What happens when we say yes? Clive Owens did this lovely, wonderful movie The Boys Are Back. It will break your heart but it will reveal how powerfully healing and restorative saying YES! can be when you are lost. Saying yes shifts everything.

Saying yes is really difficult. Unless we had totally iconoclastic, hippie parents, saying yes goes against all of our programming. Saying yes feels subversive, rebellious, dangerous. Yes, you can eat apple pie for breakfast , or chocolate cake, or cold leftover pizza (when you are ten years old). Yes, you can hang out in your pajamas ALL day because where are we going today? Nowhere!  Yes, you can wear purple and orange together at the same time. Yes, you can climb that tree. Yes, we can have breakfast for dinner. Yes, you can study medicine. Yes, you can be an artist. Yes, you can be the boss. Yes you can do this. Yes, yes, yes, yes, yes.

And while our national debates seems to revolve around whether we can or can’t do something, I feel like it  boils down to parents wagging their fingers, scowling and say no, no, no because we MIGHT fail or get hurt or make things worse off. Just stay put, be content. Why can’t you be thankful for with what you have? Why rock the boat? Why, indeed?

You rock it because you are naturally curious. You’re adventurous. You want to explore and experiment. You want to invent something new, read something new, eat something new. Learn something new. You want to grow and discover and expand. Yes is the only way to those experiences. No means you accept ONLY what you already have and no more; you actually must DENY things because it is part of the human spirit to be nomadic. We want to roam. Saying yes means that you accept the risk. It means you are free to find new things, but also free from the fear of losing what you already have. Yes is a gamble. Yes is risky. But yes is the only path with the potential for dividends. Stuffing money into a mattress means you will have dollar for dollar what you put away. Taking SOME of that money and being a bit risky means you might have less cash but be rich with experience. Or….you might be rich with experience and not lose a dime.

I like saying yes.

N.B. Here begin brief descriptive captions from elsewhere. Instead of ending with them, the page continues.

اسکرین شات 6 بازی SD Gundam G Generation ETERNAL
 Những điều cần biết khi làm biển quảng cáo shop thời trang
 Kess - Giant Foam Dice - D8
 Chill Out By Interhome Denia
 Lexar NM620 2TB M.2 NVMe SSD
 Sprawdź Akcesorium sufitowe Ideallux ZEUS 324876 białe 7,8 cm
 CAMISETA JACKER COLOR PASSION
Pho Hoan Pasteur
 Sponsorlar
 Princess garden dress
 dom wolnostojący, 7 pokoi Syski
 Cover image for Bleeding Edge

I like breaking the rules of our culture and being a tiny anarchist. Yes, means you deny the chorus of anxious, fearful worrywarts who secretly covet your moxie but can’t leave their Laz-e-boys to do it themselves. And they love to mock and ridicule when your fail. “Well, who did she think she was? She’s just a little big her her britches, ain’t she? She is just so selfish, can you believe her?”

Fearlessness is different than foolishness. Willingness to take risks is different than recklessness. Confidence is different than conceit. Being assured is different than being delusional. I think about all the people in that said yes or who almost got stopped because of the chorus of NO! Moses wrestled with no. No, they won’t follow you. Noah and that stupid ass boat. He was certainly a fool, right? Martin Luther King is crazy if her thinks white people will fight for black people’s rights to be considered equals.  Jesus was a madman, too. The rabbis and the elders were constantly wagging their fingers and tsk tsk tsking. Who does he think he is, breaking all the rules. You CAN’T DO THAT! And Jesus was one of the few with a Father that was saying YES! Yes to love, yes to risk, yes even in the face of death.